Due to the war with China, Japan produced a large number of tanks. Although initially the Japanese used tanks to good effect in their campaigns, full-scale armored warfare did not occur in the Pacific and Southeast Asian theatres as it did in Europe, and tank development was neglected in favour of naval activities.

The best Japanese designs were never used in combat as they were kept back in expectation of defending the Japanese Home Islands.
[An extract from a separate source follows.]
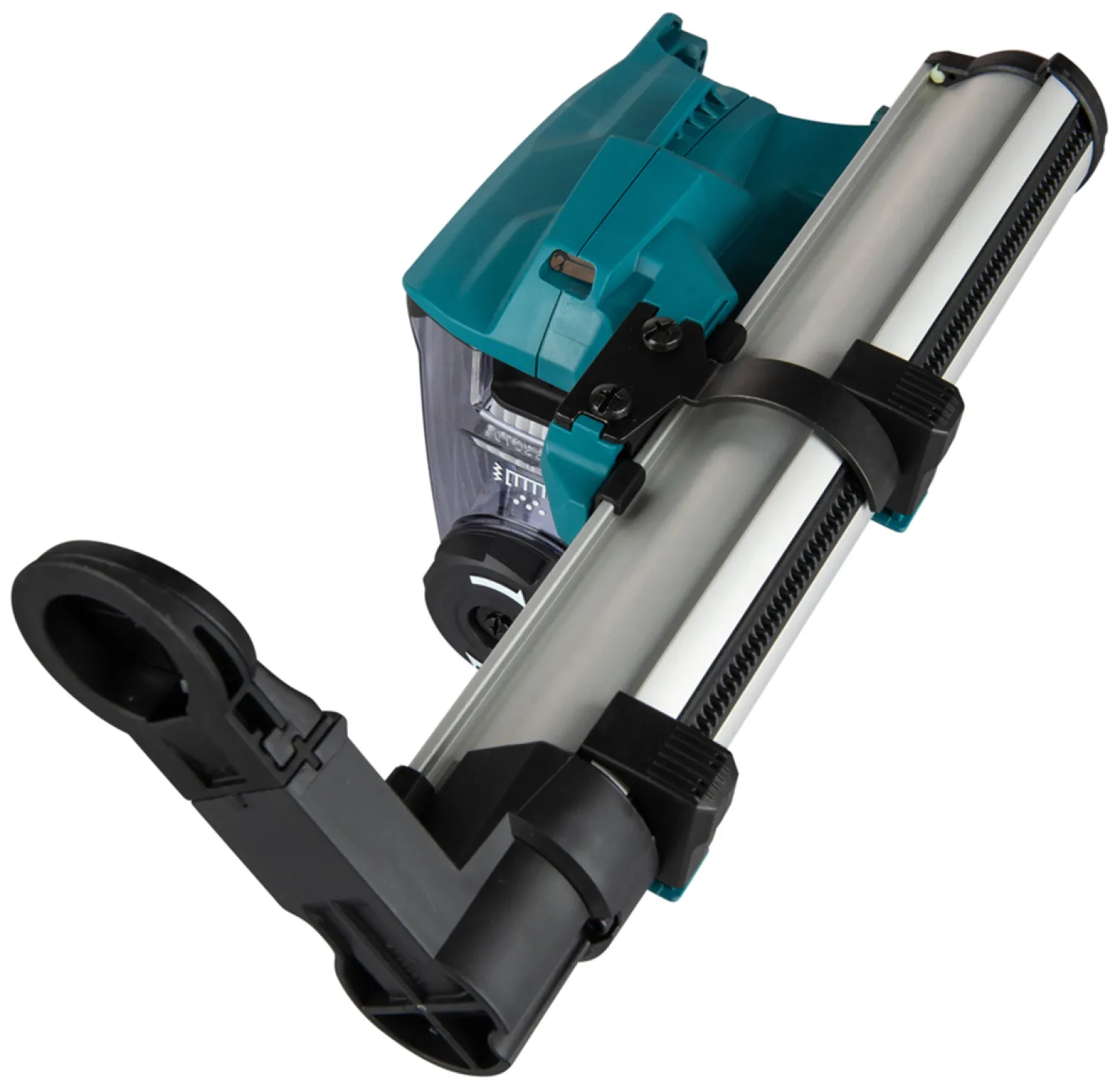 Młotowiertarka Makita XGT HR012GU202 2x4.0Ah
Type 89 medium tank I-Go (Chi-Ro)

The Type 89 medium tank I-Go was a medium tank used by the Imperial Japanese Army from 1932 to 1942 in combat operations of the Second Sino-Japanese War, at Khalkhin Gol against the Soviet Union, and in WWII.

It weighed 14.10 tonnes, had a length of 5.73 m, a width of 2.15 m and a height of 2.56 m. It carried a crew of four - Commander/gunner, loader, driver and hull gunner.
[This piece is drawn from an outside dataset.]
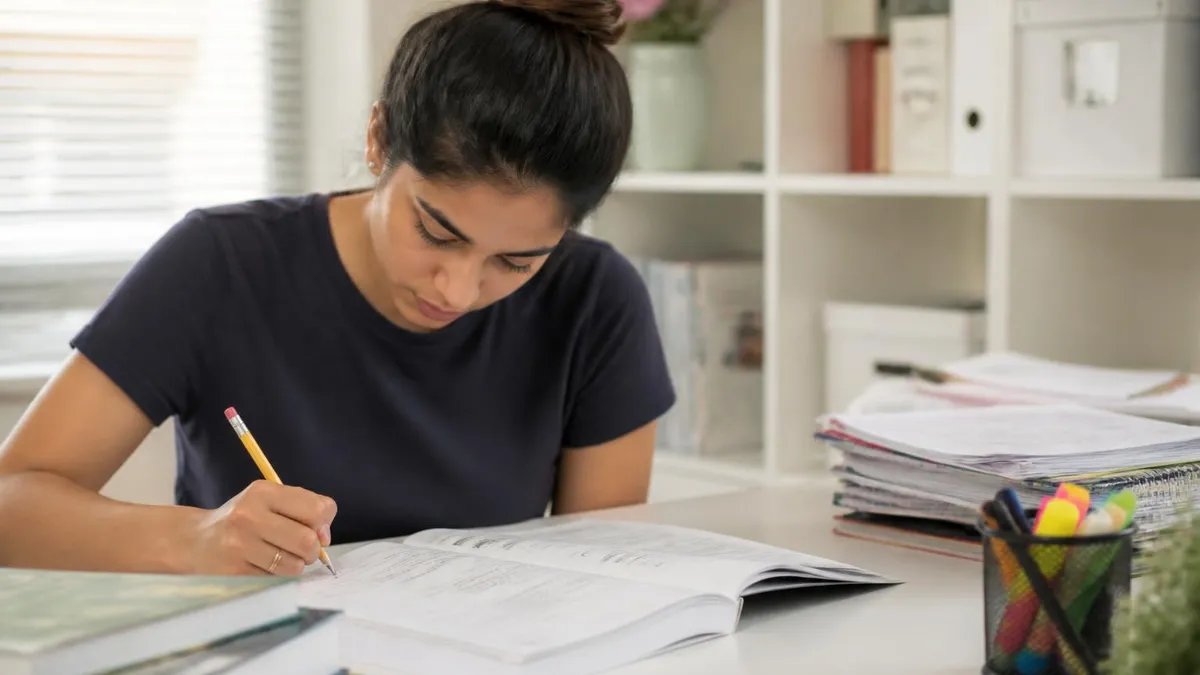 Hesi Inet - ATI - HESI certification study resource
Its armour ranged from 6 to 17 mm and it was armed with a 57 mm Type 90 gun with 100 rounds. Its secondary armament consisted of two 6.5 mm Type 91 machine gun (hull, turret rear).

The Chi-Ro was powered by a Mitsubishi A6120VD air-cooled inline 6-cylinder diesel engine and had an operational range of 170 km. It had a top speed of 26 km/h.

American Tanks

US tank doctrine in WWII emphasized that American tanks should avoid fighting enemy tanks. Killing enemy tanks would be left to anti-tank units, equipped with AT guns and purpose-built tank destroyers.
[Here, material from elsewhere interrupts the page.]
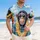 duiyfppz/products/6a0dd51d5ec459fad3c79cf2/gallery/bapo0Xjmj8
The M4 Sherman was to be used to support the infantry and to break holes in the enemy line and use their superior speed and maneuverability to outflank the enemy, cut off his supply lines, and hit vulnerable targets like artillery and supply dumps.

M3 Stuart

The M3 Stuart, officially Light Tank, M3, was an American light tank of World War II. It was supplied to British and Commonwealth forces under lend-lease prior to the entry of the U.S. into the war. The British nicknamed the tank the “Honey Tank”.

Thereafter, it was used by U.S. and Allied forces until the end of the war.

It weighed 15.19 tonnes had a length of 4.84 m, a width of 2.23 m and a height of 2.26 m. It carried a crew of four - Commander, gunner, driver, assistant driver.

Its armour ranged from 9.5 to 63.5 mm and it was armed with a 37 mm M6 gun with 147 rounds. It had three 7.62 mm Browning M1919A4 machine guns with 6,750 rounds.

The Stuart was powered by twin Cadillac Series 42 220 hp. It had an operational range of 160 km and a top speed of 58 km/h on road.

M4 Sherman

The M4 Sherman was the most numerous battle medium tank used by the United States and some of the other Western Allies in WWII.

The M4 Sherman proved to be reliable, relatively cheap to produce and available in great numbers. Thousands were distributed through the Lend-Lease program to the British Commonwealth and Soviet Union. It served in the US Military from 1942 to 1957 and was produced in numerous variants.

It weighed 33.4 tonnes, had a length of 5.84 m, a width of 2.62 m and a height of 2.74 m. It carried a crew of five - Commander, gunner, loader, driver, assistant driver/bow gunner.

The Sherman’s armour ranged from a minimum of 12.7 mm to 177.8 mm. It was armed with a 76 mm gun with 71 rounds. Its secondary armament consisted of a  .50 caliber Browning M2HB machine gun (300–600 rounds) and two .30 caliber Browning M1919A4 machine guns (6,000–6,750 rounds).

It was powered by a Chrysler A57 30 cylinder gasoline engine; 370 hp. It had an operational range of 241 km on road and a top speed of 48 km/h.

After World War II, Shermans were supplied to some NATO armies; Shermans were used by U.S. and allied forces in the Korean War.